Zresztą po godz. 10:00 Elżbieta Chojna-Duch z RPP stwierdziła, że szacunki resortu finansów sugerują, że procesy inflacyjne są pod kontrolą. Takie słowa mogą ograniczać umocnienie złotego w kolejnych dniach, a wręcz może on znów zacząć tracić na wartości. Zwłaszcza, że sytuacja w Eurolandzie nadal pozostaje napięta i bez radykalnych rozwiązań w postaci dodatkowych gwarancji w europejskim mechanizmie stabilizacyjnym (ma on ratować kraje mające problemy), trend na EUR/USD trwale się nie odwróci.

EUR/PLN: Nie udało się zejść poniżej poziomu 4.00. To sygnał, iż impuls aprecjacyjny już się wyczerpał i możemy wracać w okolice 4,05 w kolejnych dniach. Kluczowe będzie tutaj zachowanie się EUR/USD. Kolejna fala spadkowa na EUR/USD natychmiast przełoży się na silny ruch w górę na EUR/PLN.

Reklama

USD/PLN: Zejście poniżej 3,10 jeszcze wczoraj wieczorem, było sygnałem, że poziom ten stał się na powrót wyraźnym oporem. Dzisiaj rano zbliżyliśmy się w okolice 3,05. Ich naruszenie będzie zależeć od zachowania się EUR/USD. Będzie to jednocześnie sygnałem naruszenia linii trendu wzrostowego pociągniętej od 22 listopada. Wydaje się, że taki scenariusz jest mało prawdopodobny i do wieczora wrócimy powyżej 3,10.

EUR/USD: Łatwo jest założyć, że rejon 1,2950-1,3000 spełnił swoją rolę jako wsparcie, a zignorowanie ostrzeżeń względem Portugalii jest sygnałem, że strona popytowa na EUR zaczyna mieć przewagę. Bo ruch w górę może być równie dobrze wynikiem pokrywania krótkich pozycji w EUR/USD, co może być bardziej prawdopodobne. Rynek potrzebuje przekonywujących informacji z Eurolandu, a tych na razie nie ma. Stąd też lepiej dość ostrożnie podchodzić do możliwości wyjścia dzisiaj powyżej poziomu 1,31. W kolejnych godzinach prawdopodobny jest spadek poniżej 1,30 i ponowny test 1,2950.

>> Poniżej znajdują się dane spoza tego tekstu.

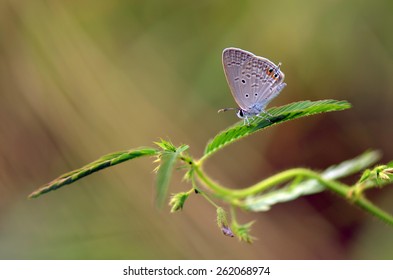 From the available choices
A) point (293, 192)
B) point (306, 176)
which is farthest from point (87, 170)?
point (293, 192)

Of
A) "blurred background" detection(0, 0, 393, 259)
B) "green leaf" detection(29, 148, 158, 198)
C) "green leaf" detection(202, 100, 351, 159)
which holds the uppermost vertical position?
"blurred background" detection(0, 0, 393, 259)

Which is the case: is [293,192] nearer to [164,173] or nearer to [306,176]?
[306,176]

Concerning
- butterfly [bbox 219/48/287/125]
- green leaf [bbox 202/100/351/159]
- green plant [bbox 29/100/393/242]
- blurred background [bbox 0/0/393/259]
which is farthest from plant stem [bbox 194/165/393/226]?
blurred background [bbox 0/0/393/259]

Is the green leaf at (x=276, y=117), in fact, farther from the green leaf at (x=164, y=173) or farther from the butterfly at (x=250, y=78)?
the butterfly at (x=250, y=78)

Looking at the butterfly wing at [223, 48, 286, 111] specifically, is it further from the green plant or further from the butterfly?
the green plant

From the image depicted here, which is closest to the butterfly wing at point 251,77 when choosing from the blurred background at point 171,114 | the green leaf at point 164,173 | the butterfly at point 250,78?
the butterfly at point 250,78

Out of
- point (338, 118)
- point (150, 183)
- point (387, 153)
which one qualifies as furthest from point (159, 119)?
point (387, 153) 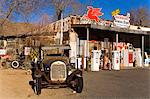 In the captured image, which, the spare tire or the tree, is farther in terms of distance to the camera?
the tree

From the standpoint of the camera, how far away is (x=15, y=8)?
31.9 m

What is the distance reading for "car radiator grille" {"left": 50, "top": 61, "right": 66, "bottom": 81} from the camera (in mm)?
14961

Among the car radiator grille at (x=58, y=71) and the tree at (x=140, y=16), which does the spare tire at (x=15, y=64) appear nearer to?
the car radiator grille at (x=58, y=71)

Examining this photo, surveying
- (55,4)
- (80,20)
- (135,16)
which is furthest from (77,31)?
(135,16)

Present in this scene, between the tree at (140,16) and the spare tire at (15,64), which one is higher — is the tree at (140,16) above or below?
above

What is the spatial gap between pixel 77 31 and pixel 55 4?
21.6 metres

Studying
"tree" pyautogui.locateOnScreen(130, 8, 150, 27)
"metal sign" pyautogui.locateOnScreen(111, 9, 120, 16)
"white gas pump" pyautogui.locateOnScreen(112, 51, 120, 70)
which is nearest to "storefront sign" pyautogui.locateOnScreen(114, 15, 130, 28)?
"metal sign" pyautogui.locateOnScreen(111, 9, 120, 16)

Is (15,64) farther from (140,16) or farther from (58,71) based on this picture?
(140,16)

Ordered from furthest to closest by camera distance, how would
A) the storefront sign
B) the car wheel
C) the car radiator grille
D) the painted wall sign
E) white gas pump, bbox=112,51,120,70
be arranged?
the storefront sign, the painted wall sign, white gas pump, bbox=112,51,120,70, the car wheel, the car radiator grille

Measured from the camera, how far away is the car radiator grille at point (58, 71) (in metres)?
15.0

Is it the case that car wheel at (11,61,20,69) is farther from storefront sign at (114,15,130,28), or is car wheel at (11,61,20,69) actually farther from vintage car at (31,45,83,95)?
vintage car at (31,45,83,95)

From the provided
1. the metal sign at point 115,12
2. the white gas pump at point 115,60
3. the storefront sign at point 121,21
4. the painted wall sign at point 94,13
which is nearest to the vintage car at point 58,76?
the white gas pump at point 115,60

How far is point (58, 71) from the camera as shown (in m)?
15.0

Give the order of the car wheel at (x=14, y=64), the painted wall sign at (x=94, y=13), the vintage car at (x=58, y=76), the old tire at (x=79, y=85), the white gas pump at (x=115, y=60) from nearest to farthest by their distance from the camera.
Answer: the old tire at (x=79, y=85) → the vintage car at (x=58, y=76) → the car wheel at (x=14, y=64) → the white gas pump at (x=115, y=60) → the painted wall sign at (x=94, y=13) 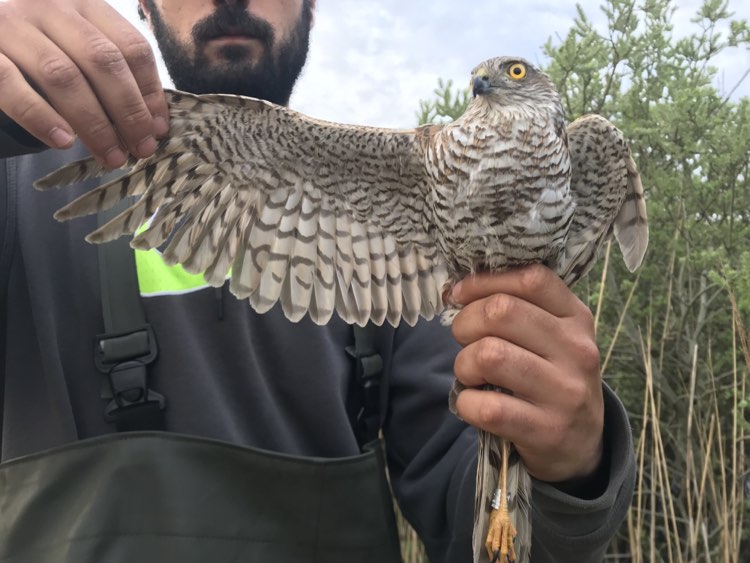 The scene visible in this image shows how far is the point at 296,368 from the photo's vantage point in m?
2.55

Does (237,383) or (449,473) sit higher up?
(237,383)

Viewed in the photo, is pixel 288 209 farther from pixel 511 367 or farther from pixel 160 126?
pixel 511 367

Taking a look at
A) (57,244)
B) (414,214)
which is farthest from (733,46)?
(57,244)

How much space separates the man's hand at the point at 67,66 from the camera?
4.78ft

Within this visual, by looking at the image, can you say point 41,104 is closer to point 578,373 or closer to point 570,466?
point 578,373

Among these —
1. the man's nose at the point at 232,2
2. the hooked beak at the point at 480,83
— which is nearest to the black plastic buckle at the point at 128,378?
the hooked beak at the point at 480,83

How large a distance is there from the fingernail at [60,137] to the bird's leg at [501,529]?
1455 millimetres

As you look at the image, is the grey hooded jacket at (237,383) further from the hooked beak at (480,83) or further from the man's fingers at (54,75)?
the hooked beak at (480,83)

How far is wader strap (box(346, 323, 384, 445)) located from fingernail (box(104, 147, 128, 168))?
1.07 m

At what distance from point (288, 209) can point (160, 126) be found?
22.7 inches

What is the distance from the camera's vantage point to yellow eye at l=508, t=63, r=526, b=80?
2.21m

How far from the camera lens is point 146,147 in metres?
1.72

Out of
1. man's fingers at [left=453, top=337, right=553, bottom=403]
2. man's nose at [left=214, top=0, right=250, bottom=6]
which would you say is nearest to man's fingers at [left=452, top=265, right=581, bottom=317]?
man's fingers at [left=453, top=337, right=553, bottom=403]

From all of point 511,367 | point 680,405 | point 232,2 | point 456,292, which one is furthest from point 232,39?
point 680,405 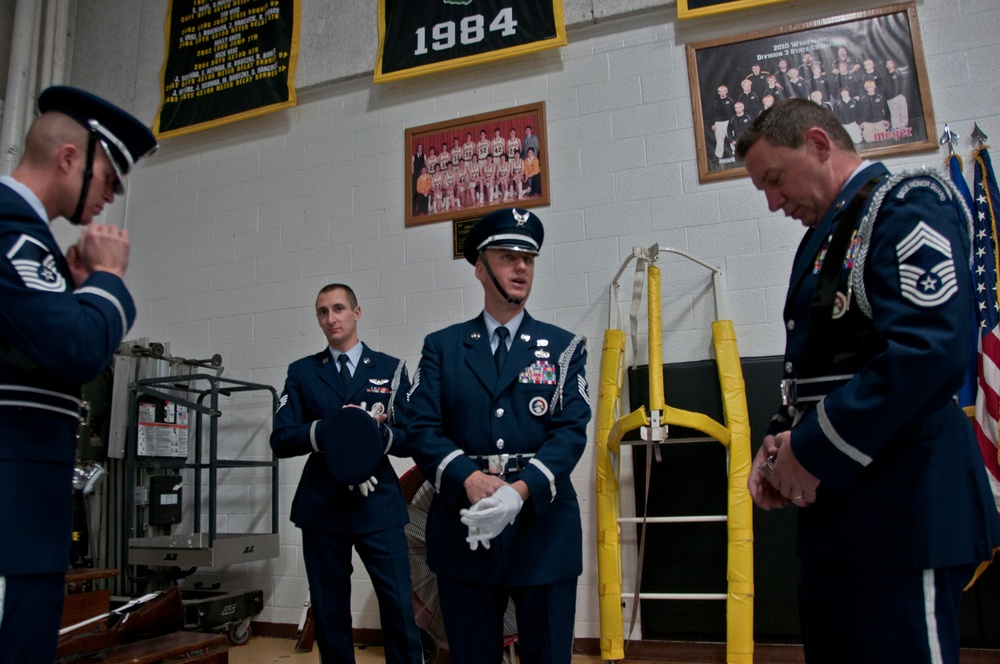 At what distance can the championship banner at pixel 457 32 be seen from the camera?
4.17 meters

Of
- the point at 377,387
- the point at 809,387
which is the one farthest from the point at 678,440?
the point at 809,387

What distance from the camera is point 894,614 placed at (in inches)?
42.5

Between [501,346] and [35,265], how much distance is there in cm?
109

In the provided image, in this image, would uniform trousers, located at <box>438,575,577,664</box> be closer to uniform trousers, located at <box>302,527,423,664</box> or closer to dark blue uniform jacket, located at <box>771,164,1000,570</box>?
dark blue uniform jacket, located at <box>771,164,1000,570</box>

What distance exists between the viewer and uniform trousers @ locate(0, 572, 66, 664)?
3.58ft

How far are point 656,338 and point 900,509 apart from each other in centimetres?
229

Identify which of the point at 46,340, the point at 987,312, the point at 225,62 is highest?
the point at 225,62

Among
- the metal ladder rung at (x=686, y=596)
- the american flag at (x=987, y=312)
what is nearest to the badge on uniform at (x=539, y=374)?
the metal ladder rung at (x=686, y=596)

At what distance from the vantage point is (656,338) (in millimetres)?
3379

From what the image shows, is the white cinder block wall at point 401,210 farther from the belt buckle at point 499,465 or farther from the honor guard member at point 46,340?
the honor guard member at point 46,340

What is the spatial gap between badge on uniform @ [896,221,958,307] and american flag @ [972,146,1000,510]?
225 centimetres

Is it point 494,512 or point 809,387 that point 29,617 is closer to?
point 494,512

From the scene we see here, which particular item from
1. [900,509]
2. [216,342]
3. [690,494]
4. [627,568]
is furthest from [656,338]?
[216,342]

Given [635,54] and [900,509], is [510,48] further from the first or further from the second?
[900,509] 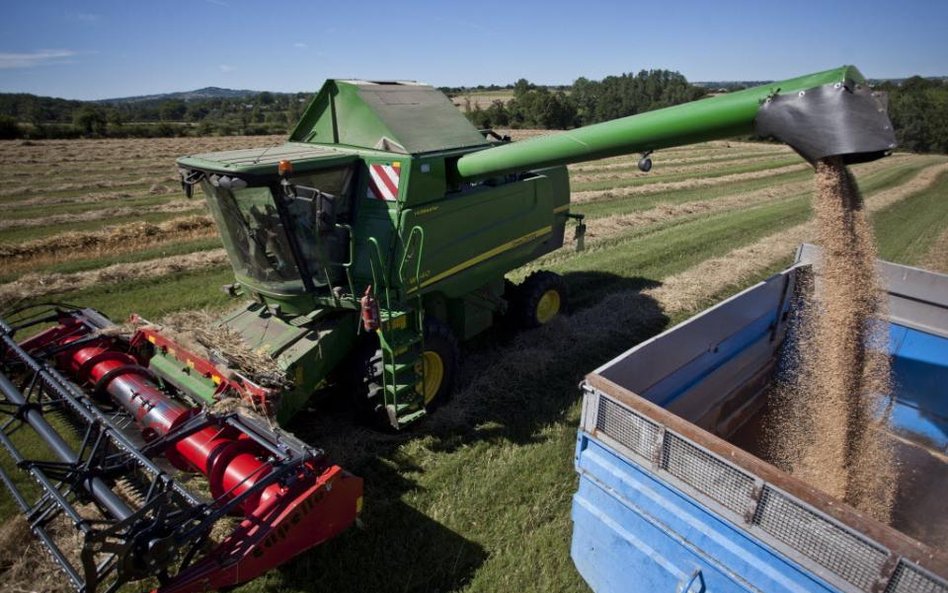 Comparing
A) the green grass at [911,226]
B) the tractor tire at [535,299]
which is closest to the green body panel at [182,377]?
the tractor tire at [535,299]

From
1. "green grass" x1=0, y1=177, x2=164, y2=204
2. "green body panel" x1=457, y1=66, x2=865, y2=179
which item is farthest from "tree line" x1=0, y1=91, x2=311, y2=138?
"green body panel" x1=457, y1=66, x2=865, y2=179

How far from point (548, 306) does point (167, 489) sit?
4379mm

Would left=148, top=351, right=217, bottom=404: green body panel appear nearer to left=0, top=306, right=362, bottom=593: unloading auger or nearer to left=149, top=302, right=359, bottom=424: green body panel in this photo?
left=149, top=302, right=359, bottom=424: green body panel

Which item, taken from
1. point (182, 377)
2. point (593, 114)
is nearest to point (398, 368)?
point (182, 377)

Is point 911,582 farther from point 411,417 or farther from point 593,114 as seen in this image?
point 593,114

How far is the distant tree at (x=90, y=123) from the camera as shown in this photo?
116 feet

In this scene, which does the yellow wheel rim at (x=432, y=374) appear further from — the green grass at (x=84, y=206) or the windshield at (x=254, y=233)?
the green grass at (x=84, y=206)

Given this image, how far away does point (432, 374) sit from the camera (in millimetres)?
4523

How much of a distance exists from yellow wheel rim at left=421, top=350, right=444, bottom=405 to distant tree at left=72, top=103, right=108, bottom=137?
4063 cm

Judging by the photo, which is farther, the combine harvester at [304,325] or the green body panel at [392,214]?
the green body panel at [392,214]

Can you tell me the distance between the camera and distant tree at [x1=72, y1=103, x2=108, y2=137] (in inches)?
1393

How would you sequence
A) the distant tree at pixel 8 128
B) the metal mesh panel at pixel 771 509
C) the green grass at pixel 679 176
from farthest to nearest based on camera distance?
the distant tree at pixel 8 128 → the green grass at pixel 679 176 → the metal mesh panel at pixel 771 509

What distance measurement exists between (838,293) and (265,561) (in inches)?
132

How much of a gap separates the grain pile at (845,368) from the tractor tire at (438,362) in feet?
8.36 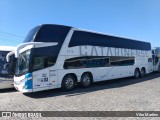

GBP/USD: Wyraźnie lepszy odczyt indeksu PMI CIPS dla przemysłu – wzrost w listopadzie aż do 58 pkt., wyraźnie wsparł funta po godz. 10:30. To potwierdza pozytywną wymowę wczorajszego odbicia od wsparcia na 1,55. Zwyżka może być jednak ograniczona przez opór na 1,5650. W średnim terminie nadal obowiązuje trend spadkowy.